Green led a tour of about thirty people through the cemetery yesterday. The cemetery is located on the outskirts of the capital city on 20 acres of land that was once a thriving sugar estate.
Its architecture includes graves, tombs and mausoleums modelled after chapels that may bring to mind the set of a horror film at first glance but on closer inspection, one realises that many of those who helped shape and mould T&T are buried within its walls.
The walk lasted just over an hour and Green spouted historical facts and even a little wisdom when questioned by attendees.
He took the group to plots that serve as the final resting place for the French Dominican Sisters, nuns who came to Trinidad in 1860s to care for lepers on the island of Chacachacare.
Green said years later, the nuns were responsible for forming the Notre Dame school, which later became Holy Name Convent.
In another street, the expansive and beautiful mausoleum of the Siegert family left many of the group in awe.

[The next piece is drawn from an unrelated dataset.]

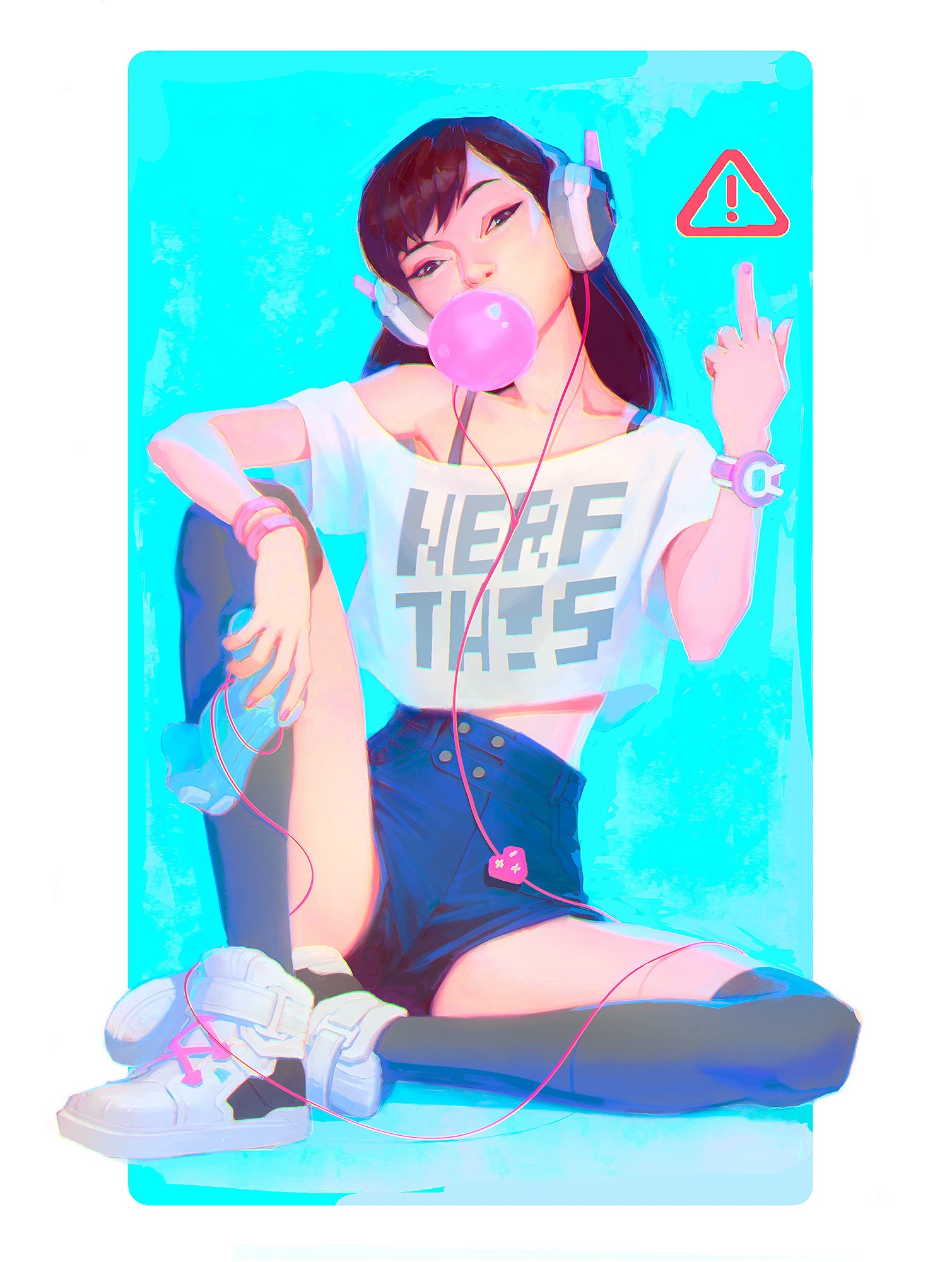 D.Va from Overwatch blowing bubblegum HD Phone Wallpaper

Dr Johann Siegert created Angostura Bitters in 1824 while in Venezuela to treat stomach ailments. When he and his family settled in Trinidad years later, Siegert purchased the Woodbrook Estate from the island’s richest man at the time, William Burnely. Many of the streets in Woodbrook are named after the Siegert family.

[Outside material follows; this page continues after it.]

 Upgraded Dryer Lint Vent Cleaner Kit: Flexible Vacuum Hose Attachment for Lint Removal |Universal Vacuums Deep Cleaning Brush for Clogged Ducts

Burnely’s grave is located on a street away but unlike the Siegert’s, the monument marking his spot is faded and moss-covered.
Marlon Green, Education Officer at the National Trust of Trinidad and Tobago points to a grave with historical importance during a tour of the Lapeyrouse Cemetery in Port-of-Spain, yesterday.
SHARLENE RAMPERSAD
Green said Burnley was once considered the richest man on the island and the largest slave owner. Burnely is also credited as being one of the first to suggest Indian indentured labourers be brought to the islands to replace slaves on the plantations.

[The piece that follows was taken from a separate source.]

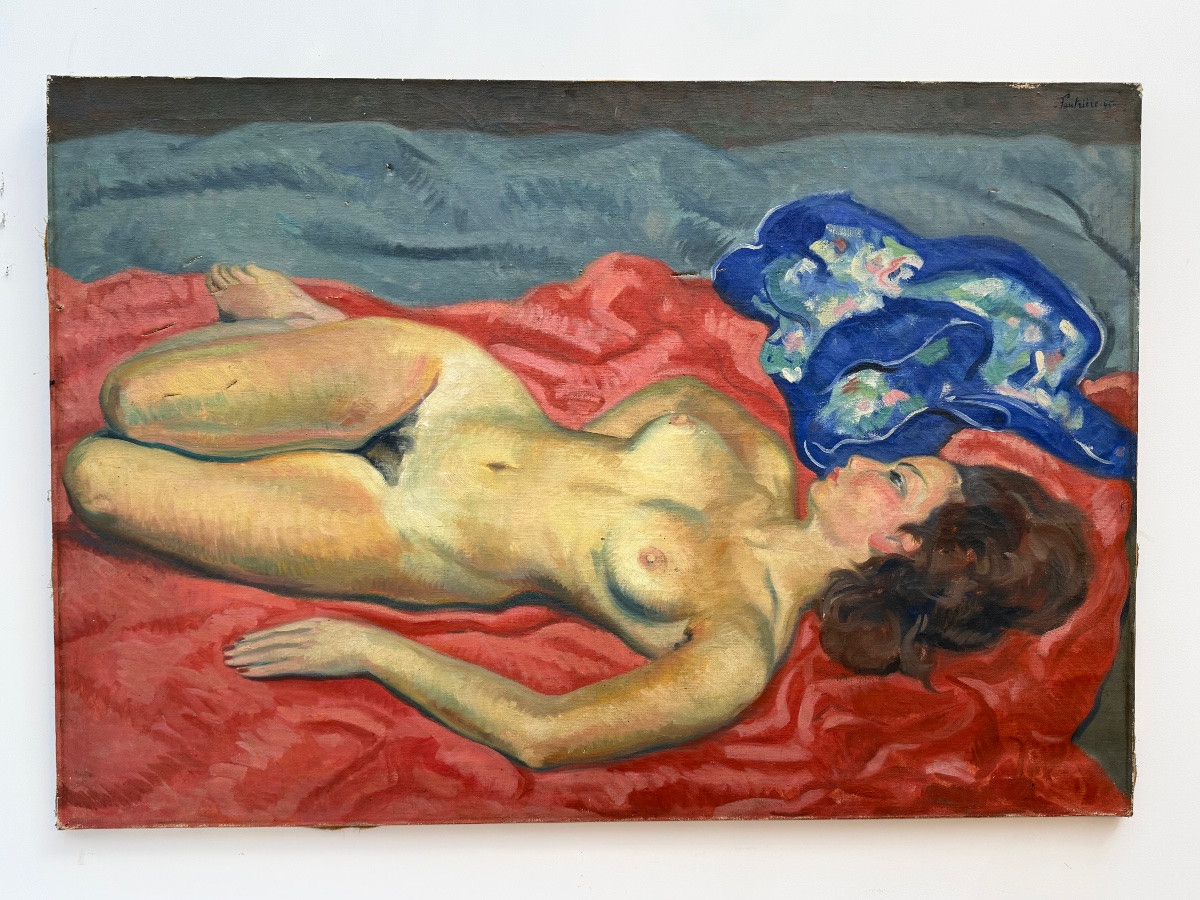 Important Painting, Nude, Oil On Canvas Dated 45.-photo-2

When one member of the group remarked on the condition of Burnley’s grave, Green said: “In as much as we are taking a historical tour through Lapeyrouse, it also reminds us of our own position in life that at some point, in spite of what we accumulate here on Earth, there comes a point when we go either above or below and if you don’t have someone taking care of your stuff after, it is really like the wise King Solomon said, ‘It’s all vanity.’”
A short distance away was the grave of Captain Arthur Andrew Cipriani—the man described as the pioneer of the nationalist movement in T&T. Artist Michel-Jean Cazabon was also buried in Lapeyrouse and his grave is marked by a small painting on the tombstone. Cazabon died in 1886 at the age of 75 and his works are internationally renowned.
But among the graves of the nation’s greats also lie two mostly-unmarked mass graves, where hundreds were buried in 1853 after they died from cholera. Louis De Verteuil, who is credited to have cared for hundreds of cholera patients, also lost three of his children to the disease. Those three were not buried in the family tomb in Lapeyrouse but placed in one of the unmarked graves.
De Verteuil and his family would later install plaques to remember his children along the wall that borders the mass graves.
Even as many bore sombre expressions on learning the fate of their countrymen who went before them, Green was able to share a lighter story as well.
He said among the symptoms of cholera was a coma-like state before death. One man was mistakenly taken to be buried, only to move at the last minute, proving he was alive after all. At that time, the cemetery also had a problem with feral goats, that tore into graves and disturbed the final resting places of the dead.
The lucky man was given a job to capture the goats and stop their rampage and earned himself the nickname “Lapo” for his troubles.
Green told Guardian Media that the Trust will continue its Lapeyrouse Tours in the coming weeks as there is a long wait-list of people who want to take the tour.
Green said the Trust also has tours upcoming in Paramin, on Nelson Island and in Rancho Quemado.